(What the task asks):
The pictures get left out, but everything else in the listing below must be duplicated exactly.

(Recorded information):
*** Begin section ***
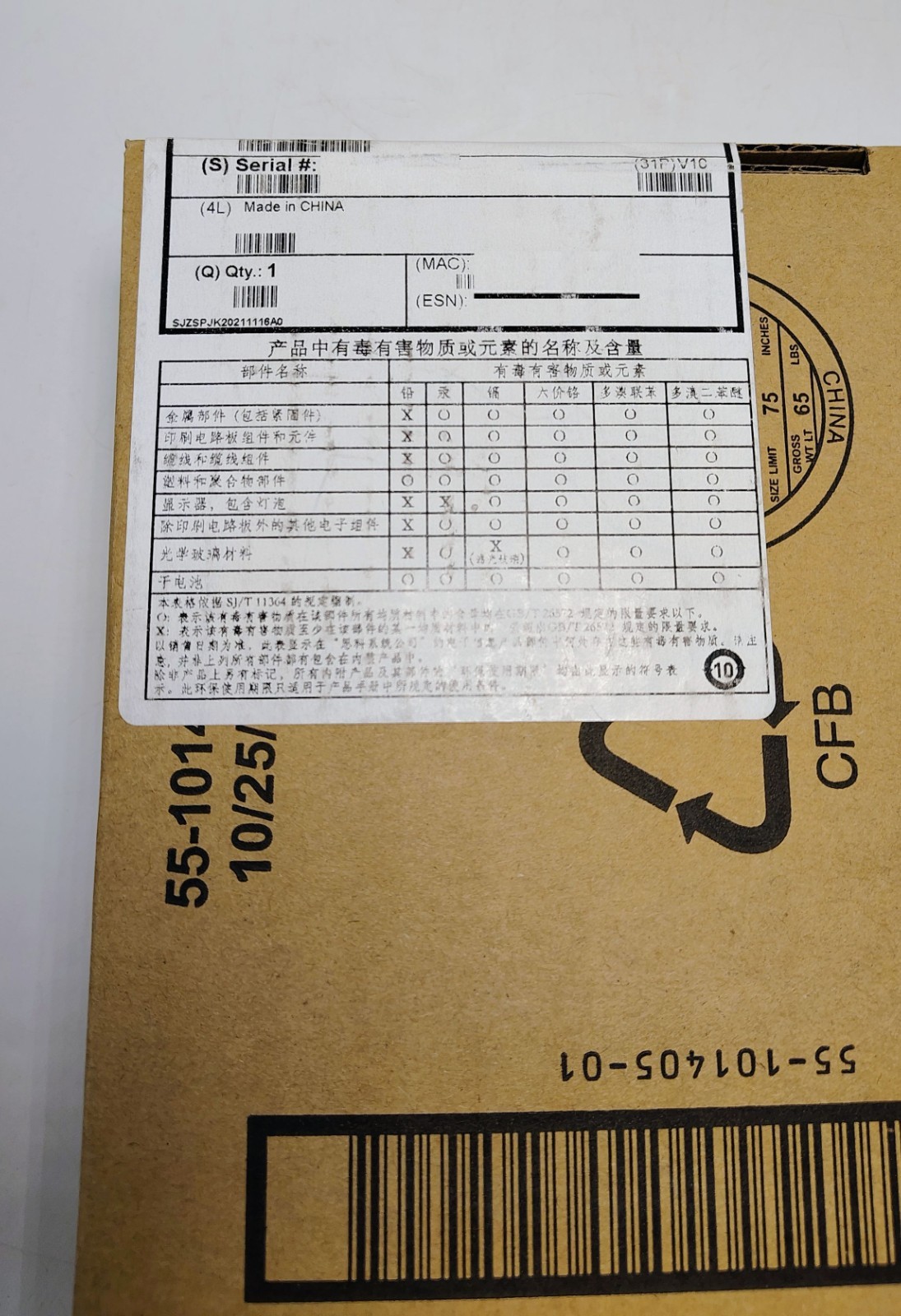Cisco CP-8821-K9-BUN Unified Wireless IP VoIP Phone Cisco 8821 – Unused Open Box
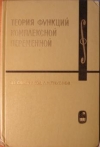 Купить книгу Свешников, А.Г. - Теория функций комплексной переменной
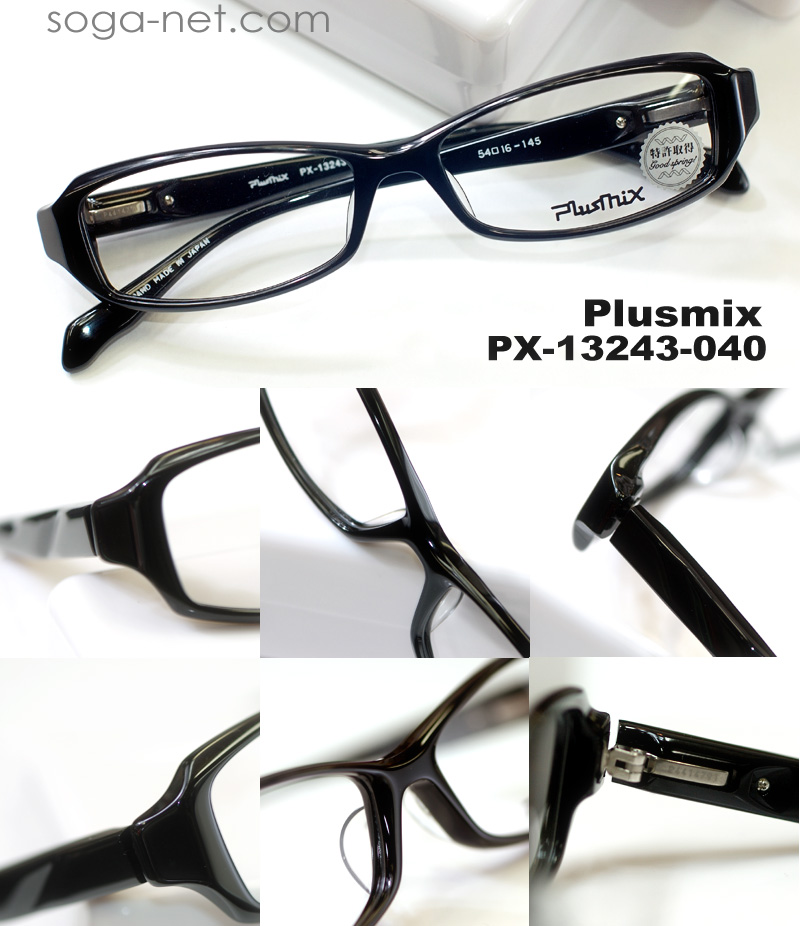 メガネ 眼鏡 plusmix (プラスミックス ) px-13516 - 小物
*** End section ***
(Exercise answer):
Cisco CP-8821-K9-BUN Unified Wireless IP VoIP Phone Cisco 8821 – Unused Open Box
 Купить книгу Свешников, А.Г. - Теория функций комплексной переменной
 メガネ 眼鏡 plusmix (プラスミックス ) px-13516 - 小物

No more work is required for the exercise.